How to complete this task
Return a verbatim reproduction of each line, starting at the line with "自転車店から出品です。　訳ありクロスバイク　3年使用の画像" and ending at the last line of the listing below.

Dataset extract
════════════════════

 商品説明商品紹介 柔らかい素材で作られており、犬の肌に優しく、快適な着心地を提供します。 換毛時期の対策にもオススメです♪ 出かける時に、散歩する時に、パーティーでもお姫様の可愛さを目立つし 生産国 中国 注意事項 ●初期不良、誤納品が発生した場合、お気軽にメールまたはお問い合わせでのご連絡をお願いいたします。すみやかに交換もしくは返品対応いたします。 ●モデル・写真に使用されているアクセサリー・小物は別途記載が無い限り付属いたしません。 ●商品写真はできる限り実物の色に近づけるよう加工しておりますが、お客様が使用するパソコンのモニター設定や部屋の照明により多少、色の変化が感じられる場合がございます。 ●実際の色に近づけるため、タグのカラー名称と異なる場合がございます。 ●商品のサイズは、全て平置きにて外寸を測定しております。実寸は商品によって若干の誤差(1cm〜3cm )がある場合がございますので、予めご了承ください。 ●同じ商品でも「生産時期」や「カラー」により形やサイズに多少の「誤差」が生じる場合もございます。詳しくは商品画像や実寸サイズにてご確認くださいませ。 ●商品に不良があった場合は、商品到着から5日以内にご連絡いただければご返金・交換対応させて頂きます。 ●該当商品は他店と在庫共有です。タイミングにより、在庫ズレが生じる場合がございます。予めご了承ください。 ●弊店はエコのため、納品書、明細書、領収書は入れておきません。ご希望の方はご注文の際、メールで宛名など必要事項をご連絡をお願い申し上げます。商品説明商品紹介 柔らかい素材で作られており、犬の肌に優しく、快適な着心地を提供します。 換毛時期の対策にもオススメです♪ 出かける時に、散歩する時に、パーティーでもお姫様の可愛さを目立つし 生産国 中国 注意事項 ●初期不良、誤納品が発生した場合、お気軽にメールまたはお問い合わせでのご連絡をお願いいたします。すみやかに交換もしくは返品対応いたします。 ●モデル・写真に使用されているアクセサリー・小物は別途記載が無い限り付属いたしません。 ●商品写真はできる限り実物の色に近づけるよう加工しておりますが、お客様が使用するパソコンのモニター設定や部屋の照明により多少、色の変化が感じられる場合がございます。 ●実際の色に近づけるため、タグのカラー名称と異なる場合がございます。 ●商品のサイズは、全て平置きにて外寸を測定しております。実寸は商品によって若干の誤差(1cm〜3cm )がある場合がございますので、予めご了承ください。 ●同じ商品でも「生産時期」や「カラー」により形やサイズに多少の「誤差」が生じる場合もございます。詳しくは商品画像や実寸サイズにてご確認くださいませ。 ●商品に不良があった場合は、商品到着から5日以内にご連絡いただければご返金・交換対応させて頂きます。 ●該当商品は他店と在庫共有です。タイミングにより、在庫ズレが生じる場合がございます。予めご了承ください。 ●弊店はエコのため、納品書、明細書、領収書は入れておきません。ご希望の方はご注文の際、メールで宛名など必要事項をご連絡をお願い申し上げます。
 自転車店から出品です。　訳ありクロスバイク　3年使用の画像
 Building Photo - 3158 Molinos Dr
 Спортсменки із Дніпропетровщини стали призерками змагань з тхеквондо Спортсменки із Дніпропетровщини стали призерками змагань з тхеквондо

════════════════════

Expected answer
 自転車店から出品です。　訳ありクロスバイク　3年使用の画像
 Building Photo - 3158 Molinos Dr
 Спортсменки із Дніпропетровщини стали призерками змагань з тхеквондо Спортсменки із Дніпропетровщини стали призерками змагань з тхеквондо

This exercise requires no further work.